WORK REQUEST:
Reproduce the entries. Each one must match the original exactly.

PROVIDED ENTRIES:
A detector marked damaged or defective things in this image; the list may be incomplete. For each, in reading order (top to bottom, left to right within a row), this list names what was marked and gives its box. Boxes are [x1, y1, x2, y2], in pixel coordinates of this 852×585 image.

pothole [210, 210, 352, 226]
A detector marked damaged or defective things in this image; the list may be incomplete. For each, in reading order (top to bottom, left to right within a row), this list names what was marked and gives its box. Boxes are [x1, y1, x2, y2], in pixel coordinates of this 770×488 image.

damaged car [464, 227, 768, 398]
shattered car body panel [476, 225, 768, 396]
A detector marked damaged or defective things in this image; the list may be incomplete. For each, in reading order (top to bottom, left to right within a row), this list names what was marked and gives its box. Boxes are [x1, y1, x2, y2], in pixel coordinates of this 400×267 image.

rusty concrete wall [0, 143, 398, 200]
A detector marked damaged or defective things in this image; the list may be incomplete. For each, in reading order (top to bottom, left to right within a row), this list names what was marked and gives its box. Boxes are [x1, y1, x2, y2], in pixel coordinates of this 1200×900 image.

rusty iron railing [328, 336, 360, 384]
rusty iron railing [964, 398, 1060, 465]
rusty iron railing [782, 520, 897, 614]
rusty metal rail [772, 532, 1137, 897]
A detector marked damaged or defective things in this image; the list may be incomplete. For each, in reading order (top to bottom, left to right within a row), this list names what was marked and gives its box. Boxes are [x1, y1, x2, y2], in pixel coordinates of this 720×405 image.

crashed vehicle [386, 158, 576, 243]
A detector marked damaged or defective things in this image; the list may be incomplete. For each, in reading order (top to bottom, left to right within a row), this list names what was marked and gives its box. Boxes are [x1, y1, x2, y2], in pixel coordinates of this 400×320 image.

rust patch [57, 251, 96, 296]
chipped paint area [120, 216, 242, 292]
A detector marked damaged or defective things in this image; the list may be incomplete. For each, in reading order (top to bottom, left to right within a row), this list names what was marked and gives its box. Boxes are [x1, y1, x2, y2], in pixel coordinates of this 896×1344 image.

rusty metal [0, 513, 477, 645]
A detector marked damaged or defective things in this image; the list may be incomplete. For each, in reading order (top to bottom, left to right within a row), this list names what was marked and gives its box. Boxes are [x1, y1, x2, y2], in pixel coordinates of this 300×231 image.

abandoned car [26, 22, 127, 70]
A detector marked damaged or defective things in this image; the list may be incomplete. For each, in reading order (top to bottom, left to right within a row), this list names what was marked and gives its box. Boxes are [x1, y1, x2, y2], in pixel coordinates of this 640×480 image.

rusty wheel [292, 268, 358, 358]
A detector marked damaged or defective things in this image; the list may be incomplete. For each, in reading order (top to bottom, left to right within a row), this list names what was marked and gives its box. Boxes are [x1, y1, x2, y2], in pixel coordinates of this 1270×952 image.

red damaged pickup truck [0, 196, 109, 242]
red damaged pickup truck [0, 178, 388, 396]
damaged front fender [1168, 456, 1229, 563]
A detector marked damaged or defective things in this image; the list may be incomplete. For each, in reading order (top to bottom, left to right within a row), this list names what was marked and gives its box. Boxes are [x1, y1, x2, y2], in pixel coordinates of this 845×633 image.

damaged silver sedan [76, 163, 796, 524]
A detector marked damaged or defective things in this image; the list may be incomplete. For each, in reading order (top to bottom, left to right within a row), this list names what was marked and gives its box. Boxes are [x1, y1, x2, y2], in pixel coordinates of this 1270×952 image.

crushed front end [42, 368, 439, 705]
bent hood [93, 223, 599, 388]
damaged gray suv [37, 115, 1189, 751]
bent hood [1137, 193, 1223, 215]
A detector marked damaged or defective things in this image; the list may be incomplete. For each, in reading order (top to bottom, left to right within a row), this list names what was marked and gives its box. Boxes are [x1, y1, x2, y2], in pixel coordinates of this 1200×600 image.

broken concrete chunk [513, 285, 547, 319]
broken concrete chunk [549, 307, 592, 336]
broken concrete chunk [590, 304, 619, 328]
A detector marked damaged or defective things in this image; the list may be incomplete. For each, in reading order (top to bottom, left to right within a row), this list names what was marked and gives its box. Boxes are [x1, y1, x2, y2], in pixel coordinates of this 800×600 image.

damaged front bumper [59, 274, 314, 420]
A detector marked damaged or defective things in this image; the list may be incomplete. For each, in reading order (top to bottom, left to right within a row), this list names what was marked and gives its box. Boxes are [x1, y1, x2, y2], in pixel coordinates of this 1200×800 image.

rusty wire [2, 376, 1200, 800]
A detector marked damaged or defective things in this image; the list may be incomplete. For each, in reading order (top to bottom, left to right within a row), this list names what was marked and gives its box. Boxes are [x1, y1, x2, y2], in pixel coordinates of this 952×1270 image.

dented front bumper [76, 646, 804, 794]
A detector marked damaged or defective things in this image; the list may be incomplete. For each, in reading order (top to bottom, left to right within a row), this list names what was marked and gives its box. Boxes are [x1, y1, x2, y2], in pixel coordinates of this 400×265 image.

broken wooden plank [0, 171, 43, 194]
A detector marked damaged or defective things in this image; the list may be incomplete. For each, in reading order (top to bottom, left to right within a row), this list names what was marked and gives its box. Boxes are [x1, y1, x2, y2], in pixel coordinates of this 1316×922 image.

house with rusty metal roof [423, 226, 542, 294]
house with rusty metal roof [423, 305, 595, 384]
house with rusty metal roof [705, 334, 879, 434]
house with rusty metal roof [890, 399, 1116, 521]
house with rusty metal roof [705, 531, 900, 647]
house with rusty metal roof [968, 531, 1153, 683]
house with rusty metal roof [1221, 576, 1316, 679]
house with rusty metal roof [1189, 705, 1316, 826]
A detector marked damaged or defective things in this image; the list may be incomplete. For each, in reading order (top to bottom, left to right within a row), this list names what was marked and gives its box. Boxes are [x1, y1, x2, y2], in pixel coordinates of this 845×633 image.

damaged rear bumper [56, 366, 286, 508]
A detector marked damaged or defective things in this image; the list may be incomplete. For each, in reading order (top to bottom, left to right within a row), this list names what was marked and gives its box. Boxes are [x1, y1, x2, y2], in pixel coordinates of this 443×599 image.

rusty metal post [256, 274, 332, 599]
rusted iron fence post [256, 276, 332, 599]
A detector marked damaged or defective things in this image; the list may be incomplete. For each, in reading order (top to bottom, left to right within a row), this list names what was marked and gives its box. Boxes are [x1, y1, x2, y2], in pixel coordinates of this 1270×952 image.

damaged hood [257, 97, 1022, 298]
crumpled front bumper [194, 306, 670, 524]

RESULT OF THIS EXERCISE:
A detector marked damaged or defective things in this image; the list may be incomplete. For each, in reading order (top to bottom, left to right within a row), this list names what was marked and gives its box. Boxes are [x1, y1, x2, y2], in pixel coordinates of this 852×585 image.

pothole [210, 210, 352, 226]
A detector marked damaged or defective things in this image; the list may be incomplete. For each, in reading order (top to bottom, left to right within a row), this list names what was marked and gives its box. Boxes are [x1, y1, x2, y2], in pixel coordinates of this 770×488 image.

damaged car [464, 227, 768, 398]
shattered car body panel [476, 225, 768, 396]
A detector marked damaged or defective things in this image; the list may be incomplete. For each, in reading order (top to bottom, left to right within a row), this list names what was marked and gives its box. Boxes are [x1, y1, x2, y2], in pixel coordinates of this 400×267 image.

rusty concrete wall [0, 143, 398, 200]
A detector marked damaged or defective things in this image; the list may be incomplete. For each, in reading order (top to bottom, left to right within a row), this list names what was marked and gives its box. Boxes are [x1, y1, x2, y2], in pixel coordinates of this 1200×900 image.

rusty iron railing [328, 336, 360, 384]
rusty iron railing [964, 398, 1060, 465]
rusty iron railing [782, 520, 897, 614]
rusty metal rail [772, 532, 1137, 897]
A detector marked damaged or defective things in this image; the list may be incomplete. For each, in reading order (top to bottom, left to right within a row), this list names what was marked and gives its box. Boxes are [x1, y1, x2, y2], in pixel coordinates of this 720×405 image.

crashed vehicle [386, 158, 576, 243]
A detector marked damaged or defective things in this image; the list may be incomplete. For each, in reading order (top to bottom, left to right within a row), this list names what was marked and gives its box. Boxes are [x1, y1, x2, y2], in pixel coordinates of this 400×320 image.

rust patch [57, 251, 96, 296]
chipped paint area [120, 216, 242, 292]
A detector marked damaged or defective things in this image; the list may be incomplete. For each, in reading order (top to bottom, left to right within a row), this list names what was marked and gives its box. Boxes are [x1, y1, x2, y2], in pixel coordinates of this 896×1344 image.

rusty metal [0, 513, 477, 645]
A detector marked damaged or defective things in this image; the list may be incomplete. For each, in reading order (top to bottom, left to right within a row), this list names what was marked and gives its box. Boxes are [x1, y1, x2, y2], in pixel coordinates of this 300×231 image.

abandoned car [26, 22, 127, 70]
A detector marked damaged or defective things in this image; the list may be incomplete. For each, in reading order (top to bottom, left to right within a row), this list names what was marked and gives its box. Boxes are [x1, y1, x2, y2], in pixel coordinates of this 640×480 image.

rusty wheel [292, 268, 358, 358]
A detector marked damaged or defective things in this image; the list may be incomplete. For each, in reading order (top to bottom, left to right within a row), this list names what was marked and gives its box. Boxes are [x1, y1, x2, y2], in pixel coordinates of this 1270×952 image.

red damaged pickup truck [0, 196, 109, 242]
red damaged pickup truck [0, 178, 388, 396]
damaged front fender [1168, 456, 1229, 563]
A detector marked damaged or defective things in this image; the list may be incomplete. For each, in reading order (top to bottom, left to right within a row), this list names what was marked and gives its box. Boxes are [x1, y1, x2, y2], in pixel coordinates of this 845×633 image.

damaged silver sedan [76, 163, 796, 524]
A detector marked damaged or defective things in this image; the list may be incomplete. For each, in reading order (top to bottom, left to right within a row), this list names what was marked and gives its box. Boxes are [x1, y1, x2, y2], in pixel coordinates of this 1270×952 image.

crushed front end [42, 368, 439, 705]
bent hood [93, 223, 599, 388]
damaged gray suv [37, 115, 1189, 751]
bent hood [1137, 193, 1223, 215]
A detector marked damaged or defective things in this image; the list may be incomplete. For each, in reading order (top to bottom, left to right within a row), this list names what was marked and gives its box. Boxes are [x1, y1, x2, y2], in pixel coordinates of this 1200×600 image.

broken concrete chunk [513, 285, 547, 319]
broken concrete chunk [549, 307, 592, 336]
broken concrete chunk [590, 304, 619, 328]
A detector marked damaged or defective things in this image; the list may be incomplete. For each, in reading order (top to bottom, left to right within a row), this list names what was marked and gives its box. Boxes are [x1, y1, x2, y2], in pixel coordinates of this 800×600 image.

damaged front bumper [59, 274, 314, 420]
A detector marked damaged or defective things in this image; the list may be incomplete. For each, in reading order (top to bottom, left to right within a row), this list names what was marked and gives its box. Boxes are [x1, y1, x2, y2], in pixel coordinates of this 1200×800 image.

rusty wire [2, 376, 1200, 800]
A detector marked damaged or defective things in this image; the list may be incomplete. For each, in reading order (top to bottom, left to right within a row), this list names what was marked and gives its box. Boxes are [x1, y1, x2, y2], in pixel coordinates of this 952×1270 image.

dented front bumper [76, 646, 804, 794]
A detector marked damaged or defective things in this image; the list may be incomplete. For each, in reading order (top to bottom, left to right within a row), this list names what was marked and gives its box. Boxes are [x1, y1, x2, y2], in pixel coordinates of this 400×265 image.

broken wooden plank [0, 171, 43, 194]
A detector marked damaged or defective things in this image; the list may be incomplete. For each, in reading order (top to bottom, left to right within a row), this list names what was marked and gives its box. Boxes are [x1, y1, x2, y2], in pixel coordinates of this 1316×922 image.

house with rusty metal roof [423, 226, 542, 294]
house with rusty metal roof [423, 305, 595, 384]
house with rusty metal roof [705, 334, 879, 434]
house with rusty metal roof [890, 399, 1116, 521]
house with rusty metal roof [705, 531, 900, 647]
house with rusty metal roof [968, 531, 1153, 683]
house with rusty metal roof [1221, 576, 1316, 679]
house with rusty metal roof [1189, 705, 1316, 826]
A detector marked damaged or defective things in this image; the list may be incomplete. For each, in reading order (top to bottom, left to right within a row), this list names what was marked and gives its box. Boxes are [x1, y1, x2, y2], in pixel coordinates of this 845×633 image.

damaged rear bumper [56, 366, 286, 508]
A detector marked damaged or defective things in this image; the list may be incomplete. For each, in reading order (top to bottom, left to right within a row), this list names what was marked and gives its box. Boxes are [x1, y1, x2, y2], in pixel coordinates of this 443×599 image.

rusty metal post [256, 274, 332, 599]
rusted iron fence post [256, 276, 332, 599]
A detector marked damaged or defective things in this image; the list may be incomplete. For each, in reading order (top to bottom, left to right within a row), this list names what was marked and gives its box. Boxes are [x1, y1, x2, y2], in pixel coordinates of this 1270×952 image.

damaged hood [257, 97, 1022, 298]
crumpled front bumper [194, 306, 670, 524]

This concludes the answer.